Today, Peter and Jane and Mummy are going on a lovely woodland walk with the Dog.
It is peaceful and quiet in the woods.
The birds are singing.
The leaves are rustling.
There are carpets of bluebells.
The sun is shining.
'I have picked you some bluebells, Mummy' says Jane.
'Look at me frolicking adorably on the rope swing!' says Peter.
'Can I play on the rope swing with you, Peter?' asks Jane.
'Of course, Jane! It will be fun to play on the swing together!' says Peter.
Peter and Jane let Mummy take lots of photographs for Instagram and Facebook, without any crying or swearing at Mummy, and Mummy does not even have to bribe or threaten them!
Mummy feels very smug as she uploads her photos, complete with appropriately smug, vomit making captions.

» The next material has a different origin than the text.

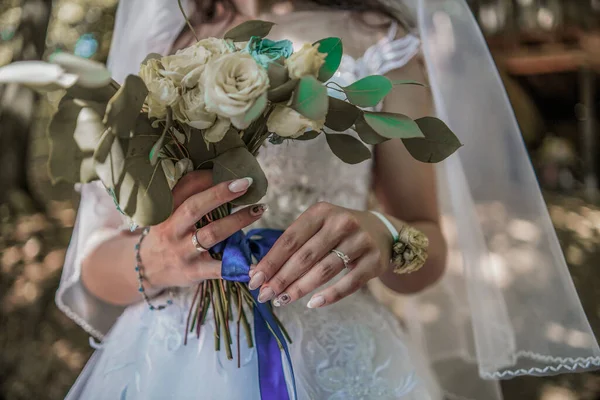Braut Hält Hochzeitsstrauß — Stockfoto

'Ha!' Mummy thinks 'Take that, you perfect bloody Boden mummies, ram that up your quirkily patterned skirt and swivel on it, we are having SUCH FUN!!!!'
'Where is the Dog?' Jane asks Mummy.
'Oh fuck.' says Mummy.
The Dog has run away while Mummy was distracted by sharing the smugness.
Bad Things often happen when the Dog runs away.
'Quick, children! We must look for the Dog!!!' says Mummy.
'I don't want to look for the Dog. I hate the Dog. The Dog is an arsehole ' says Peter.
'I hate you. You are an arsehole. In fact, you are an arsemonster. I wish you were lost instead of the Dog.' says Jane.
Peter hits Jane. Jane tries to hang Peter from the rope swing. There is a lot of screaming, and the birds are no longer singing. It is not peaceful anymore.
The sun goes in.
Mummy is very worried about the Dog.
If someone finds the Dog doing Bad Things, they will probably post something passive aggressive on Facebook, along the lines of 'To the shouting deranged woman with the very bad dog and the delinquent children, you are a terrible person and your life is shit and I have a good mind to name and shame you actually.'
If this happens, there is an excellent chance people will work out that it is Mummy that is being referred to, and then they will know that Mummy's life really is a bit shit and is not all made up of #happymemories in sunny glades and in fact Mummy is neither #soblessed or #livingthedream.
If Mummy's perfect social media life is outed as a fraud, there is really no point in carrying on anymore.
The Boden Mummies will judge her, and probably burn her at the stake.
'I see the Dog!!!' shouts Peter, pointing across a ravine.
'I see the Dog!!!' shouts Jane, pointing into an enormous bramble patch.
Peter plunges over the edge of the ravine and Jane dives into the bramble patch.
Peter and Jane are both screaming loudly, when a cross lady phones Mummy and says she has found the Dog.
'You are a very bad dogger.' says the cross lady.
Mummy would quite like to tell the cross lady to fuck off, but she daren't, because Facebook, so Mummy just says 'Yes, I am.'
After Mummy has retrieved the Dog from the cross lady and scraped Peter off the river bed and hauled Jane out of the brambles, and wiped the worst of the blood off them both, they go home.
When Daddy comes home, Mummy is drinking gin and crying and obsessively checking Facebook.
'Why are you crying now?' asks Daddy.
Mummy sobs harder.
'You have had a lovely, wholesome, jolly day, frolicking with our adorable children and delightful dog, whereas I have had to spend the day being very busy and important at my very busy and important job.' says Daddy.
Mummy considers throwing the gin bottle at Daddy's head, but there is still quite a lot of precious gin in it.
'Oh do fuck off, you twat.' says Mummy.